Former Napier city councillor Peter Beckett, pictured in 1998, could be heading to Canada's highest court. Photo / Supplied
A former Napier City councillor who has stood trial twice accused of murdering his wife in Canada could have his fate decided by that county's highest court
Kiwi Peter Beckett recently successfully appealed against a first-degree murder conviction after his wife Laura Letts-Beckett drowned in a lake northeast of Vancouver.
Beckett met his elementary school teacher wife when she was touring New Zealand and then moved to Canada to be with her.
However, she then died more than 10 years ago after they had been out fishing in a small inflatable boat.
Her death was initially reported as a drowning, Beckett claiming she accidentally fell from the boat, but he was arrested a year later and charged with her murder.
Beckett's first trial ended with a hung jury after more than a week of deliberation among the jurors.
He was then convicted of first-degree murder in the second trial, but successfully overturned the conviction on appeal to the British Columbia Court of Appeal.
Now Canadian prosecutors have revealed they plan to appeal against Beckett's overturned conviction by taking the case to the Supreme Court of Canada - the highest court in the country.

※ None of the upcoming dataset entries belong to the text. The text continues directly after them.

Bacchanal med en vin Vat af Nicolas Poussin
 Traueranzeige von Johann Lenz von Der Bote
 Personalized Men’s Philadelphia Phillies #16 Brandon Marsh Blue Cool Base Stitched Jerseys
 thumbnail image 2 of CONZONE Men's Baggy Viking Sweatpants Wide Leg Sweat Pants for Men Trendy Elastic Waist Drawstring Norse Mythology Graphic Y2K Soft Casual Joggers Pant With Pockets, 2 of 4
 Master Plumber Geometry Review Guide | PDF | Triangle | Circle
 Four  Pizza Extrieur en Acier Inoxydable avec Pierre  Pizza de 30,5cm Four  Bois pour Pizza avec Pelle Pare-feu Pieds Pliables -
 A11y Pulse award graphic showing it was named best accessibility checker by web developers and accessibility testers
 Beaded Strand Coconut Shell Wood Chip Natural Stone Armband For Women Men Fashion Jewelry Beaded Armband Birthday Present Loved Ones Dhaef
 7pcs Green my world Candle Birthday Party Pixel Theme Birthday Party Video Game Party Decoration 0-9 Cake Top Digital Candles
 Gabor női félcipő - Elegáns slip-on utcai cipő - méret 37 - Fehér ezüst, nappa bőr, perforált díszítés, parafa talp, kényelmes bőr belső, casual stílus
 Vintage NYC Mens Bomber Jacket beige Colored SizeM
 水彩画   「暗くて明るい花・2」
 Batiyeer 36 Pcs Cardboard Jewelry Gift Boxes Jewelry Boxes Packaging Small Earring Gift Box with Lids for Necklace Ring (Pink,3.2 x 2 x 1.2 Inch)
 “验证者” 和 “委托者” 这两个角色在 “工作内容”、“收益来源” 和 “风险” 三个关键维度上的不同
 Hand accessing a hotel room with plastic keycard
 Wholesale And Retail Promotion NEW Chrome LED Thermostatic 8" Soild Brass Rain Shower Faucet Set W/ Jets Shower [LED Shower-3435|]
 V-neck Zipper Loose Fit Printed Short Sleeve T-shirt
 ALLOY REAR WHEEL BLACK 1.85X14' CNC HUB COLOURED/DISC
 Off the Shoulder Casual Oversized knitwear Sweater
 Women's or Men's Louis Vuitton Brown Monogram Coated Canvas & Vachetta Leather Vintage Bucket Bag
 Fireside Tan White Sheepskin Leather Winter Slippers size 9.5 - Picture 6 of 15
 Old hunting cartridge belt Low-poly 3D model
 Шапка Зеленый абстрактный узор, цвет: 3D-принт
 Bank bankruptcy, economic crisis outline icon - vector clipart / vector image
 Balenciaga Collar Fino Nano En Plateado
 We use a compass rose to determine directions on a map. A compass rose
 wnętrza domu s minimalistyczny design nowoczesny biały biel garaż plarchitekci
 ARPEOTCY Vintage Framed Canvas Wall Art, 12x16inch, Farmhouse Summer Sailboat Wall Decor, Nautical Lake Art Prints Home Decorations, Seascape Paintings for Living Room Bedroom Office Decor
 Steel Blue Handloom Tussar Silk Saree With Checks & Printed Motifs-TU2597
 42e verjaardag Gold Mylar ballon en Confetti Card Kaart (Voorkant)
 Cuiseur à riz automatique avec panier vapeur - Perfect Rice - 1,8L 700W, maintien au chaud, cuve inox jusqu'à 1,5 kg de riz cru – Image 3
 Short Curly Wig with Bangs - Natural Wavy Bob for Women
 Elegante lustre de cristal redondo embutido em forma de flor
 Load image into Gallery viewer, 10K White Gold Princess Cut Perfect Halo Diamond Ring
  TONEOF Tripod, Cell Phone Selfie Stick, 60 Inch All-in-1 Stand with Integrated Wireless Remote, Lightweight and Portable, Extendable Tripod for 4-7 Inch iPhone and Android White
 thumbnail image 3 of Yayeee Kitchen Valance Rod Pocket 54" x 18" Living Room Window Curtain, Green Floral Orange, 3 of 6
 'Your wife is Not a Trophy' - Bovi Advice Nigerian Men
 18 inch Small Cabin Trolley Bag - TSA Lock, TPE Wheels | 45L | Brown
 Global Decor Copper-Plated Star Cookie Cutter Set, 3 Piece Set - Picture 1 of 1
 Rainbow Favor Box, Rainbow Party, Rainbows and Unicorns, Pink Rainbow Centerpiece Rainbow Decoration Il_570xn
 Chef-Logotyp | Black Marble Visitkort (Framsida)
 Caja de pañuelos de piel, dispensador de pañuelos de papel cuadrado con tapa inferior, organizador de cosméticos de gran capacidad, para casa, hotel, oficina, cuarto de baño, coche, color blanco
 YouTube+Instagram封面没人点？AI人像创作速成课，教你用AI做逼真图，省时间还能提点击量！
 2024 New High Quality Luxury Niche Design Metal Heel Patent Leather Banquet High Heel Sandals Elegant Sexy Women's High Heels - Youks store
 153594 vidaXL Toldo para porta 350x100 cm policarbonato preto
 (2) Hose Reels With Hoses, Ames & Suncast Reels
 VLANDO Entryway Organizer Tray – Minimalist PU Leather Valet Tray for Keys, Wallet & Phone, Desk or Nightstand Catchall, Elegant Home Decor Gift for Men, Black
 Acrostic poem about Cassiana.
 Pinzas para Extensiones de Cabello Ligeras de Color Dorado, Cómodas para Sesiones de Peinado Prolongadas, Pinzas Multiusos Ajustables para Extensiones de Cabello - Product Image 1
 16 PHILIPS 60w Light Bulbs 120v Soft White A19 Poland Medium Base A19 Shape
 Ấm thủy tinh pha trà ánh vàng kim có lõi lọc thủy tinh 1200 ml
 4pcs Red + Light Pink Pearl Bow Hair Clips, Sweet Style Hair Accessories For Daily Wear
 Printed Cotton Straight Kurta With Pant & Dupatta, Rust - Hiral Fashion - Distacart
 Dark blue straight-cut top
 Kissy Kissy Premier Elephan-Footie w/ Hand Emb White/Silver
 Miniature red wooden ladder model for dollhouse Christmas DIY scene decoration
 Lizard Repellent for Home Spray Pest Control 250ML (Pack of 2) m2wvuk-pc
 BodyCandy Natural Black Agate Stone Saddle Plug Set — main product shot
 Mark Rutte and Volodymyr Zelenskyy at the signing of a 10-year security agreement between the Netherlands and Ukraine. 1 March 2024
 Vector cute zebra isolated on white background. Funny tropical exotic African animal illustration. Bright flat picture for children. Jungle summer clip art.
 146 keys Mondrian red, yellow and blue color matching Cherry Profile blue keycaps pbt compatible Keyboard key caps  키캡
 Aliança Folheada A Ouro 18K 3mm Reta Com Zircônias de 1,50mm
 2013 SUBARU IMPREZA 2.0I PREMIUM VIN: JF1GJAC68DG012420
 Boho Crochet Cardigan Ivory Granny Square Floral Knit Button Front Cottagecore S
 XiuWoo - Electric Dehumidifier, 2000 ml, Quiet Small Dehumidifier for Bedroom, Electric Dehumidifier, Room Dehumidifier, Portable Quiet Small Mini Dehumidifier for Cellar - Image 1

Beckett will file a response to prosecutors and then the court will decide if it can hear the matter or not, Canadian media outlet Kamloops This Week reported.
If the Supreme Court doesn't hear the case the matter would return to the British Columbia's supreme court and prosecutors will decide whether to pursue a third trial, KTW said.
Earlier, a three-judge BC Court of Appeal panel overturned Beckett's conviction in his second trial.
It called the Crown's case weak and suggested "in no uncertain terms that prosecutors think twice about running a third trial", KTW said.
"In these circumstances, a very real question arises as to whether it is in the interests of justice to proceed with yet a third trial," the outlet reported BC Court of Appeal Justice Laurie Ann Fenlon as writing.
"That decision, however, ultimately lies with the Crown."
Fenlon said the judge and prosecutors made mistakes during Beckett's second trial.
That included incorrectly instructing the jury they could rely on evidence that Beckett had fabricated his story to police as evidence of his "after-the-fact consciousness of guilt", without independent evidence Beckett's story had been fabricated.
During the 2017 trial the former Napier man was accused of pushing his wife into the water and leaving her to drown to cash in on a $200,000 accidental death insurance policy the couple had bought just two months prior to the water tragedy.
He was found guilty of first degree murder for drowning his wife after an earlier trial ended in a hung jury. He was sentenced to 25 years' imprisonment without possibility of parole.